When to use Kling O1
Use Kling 3.0 or 3.0 Omni instead when:
- You need multi-shot mode (2 to 6 connected scenes)
- You need a 15-second single shot (O1 caps at 10)
- You need VIDEO elements in your reference bundle (use Kling 3.0 Omni)
- You need native AI audio in the same call (use Kling 3.0)
- You need 4K output (use Kling 3.0 or 3.0 Omni)
Stay on Kling O1 when the brief is a heavily-referenced single shot at 720p or 1080p and the structured @image and @element syntax fits your client code.
API examples
Call Kling O1 from any language by POSTing to /v1/tasks.
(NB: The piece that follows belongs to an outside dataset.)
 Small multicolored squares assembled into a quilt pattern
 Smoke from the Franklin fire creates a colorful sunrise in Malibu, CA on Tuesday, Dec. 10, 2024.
Full parameter docs live at docs.unifically.com/models/video/kling/kling-o1-video.
curl -X POST https://api.unifically.com/v1/tasks \
-H "Content-Type: application/json" \
-H "Authorization: Bearer YOUR_API_KEY" \
-d '{
"model": "kuaishou/kling-o1-video",
"input": {
"prompt": "A cinematic drone shot over a misty forest at dawn",
"duration": 10,
"mode": "pro"
}
}'
Successful submission returns a task_id. Poll GET /v1/tasks/<task_id> or set a callback_url on the request to receive the finished result.
FAQs
People also ask
Kling O1 is Kuaishou's unified multimodal video model. It accepts up to 7 raw reference images, persistent IMAGE-only elements, optional start and end frames, and an optional reference video with Reference or Transform behavior. Single-shot only, duration 3 to 10 seconds, output at Standard (720p) or Pro (1080p).
Use @image_1 through @image_7 for raw image_urls and @element_1, @element_2 for persistent elements. Reference them inline in the prompt string. Pass the reference clip via video_url for transform or video_reference modes.
O1 caps single-clip duration at 10 seconds, supports IMAGE-only elements, and skips multi-shot mode and native audio. Kling 3.0 Omni stretches single shots to 15 seconds, allows multi-shot stacks, supports IMAGE and VIDEO elements, has native audio, and adds 4K output.
Reference treats the clip as a style or motion guide; the prompt and other references shape the new content while inheriting feel from the reference. Transform reshapes the reference clip itself. Pick Reference for inspiration, Transform when the source should be reshaped.
Different niches. O1 is built around structured prompting with reference bundles. Master is the dedicated Pro-only path inside the older 2.1 family with no reference image support. Pick the tool that matches whether you need reference bundles (O1) or a simpler 2.1 Pro pipeline (Master).